Originally Posted by Ohio
This chapter of Lang's book The Churches of God is available online from Kingsley Press ...
Chapter 9 - Ministry and Oversight
[COLOR=Indigo][I] In the “Daily Meditations” of that rare saint and scholar, George Bowen, of Bombay, are the following reflections for October 8:
“Let all things be done unto edifying” (1 Cor. 14:26).
On successive Sabbaths, having a definite object in view, we visit various churches.
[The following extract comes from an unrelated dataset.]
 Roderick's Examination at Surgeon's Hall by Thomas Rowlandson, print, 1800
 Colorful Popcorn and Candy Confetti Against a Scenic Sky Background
We sit down with the people of God of a certain denomination, hear the sermon that is preached, and observe the worship that is rendered to God. Again, we worship with those of another denomination. We notice many points of difference in their mode of celebrating divine worship and seeking their own edification; but at length we come to a worshipping body whose customs are so fundamentally different from those of the churches previously visited that the differences among the latter appear to be quite trifling in comparison. In the church that we have now stumbled upon in an out-of-the-way place (in the Epistle to the Corinthians) instead of one man officiating for all, while all sit silent save when they sing or make common responses, and where everything is arranged to exclude as much as possible anything like spontaneousness, we find that when the members come together, “everyone hath a psalm, hath a doctrine, hath a tongue, hath a revelation, hath an interpretation.” One, two, or three speak in an unknown tongue; and another interprets. Prophets speak, two or three in succession. If anything is revealed to another that sitteth by, the first holds his tongue. May we not learn from this that the Holy Ghost loves a larger liberty than is accorded by our arrangements? We cleave to them as though they had been imposed by the solemn and unalterable decree of the Great Head of the church: and a proposition to depart from them is regarded almost as treason against Christ. It is singular, however, that the apostolic church should be completely defunct to us, as regards the force of its example in these matters. There were some great abuses in those early churches; think you they were the greatest conceivable abuses? Is it not possible that the apostle Paul, coming into one of our staid and orderly churches, would look upon the whole of the decorous and tasteful service as one unmitigated abuse? He would, perhaps, say, Is the Holy Ghost dead, that you make no provision for his manifestation? Is there no communion of the saints in the assemblies of the saints?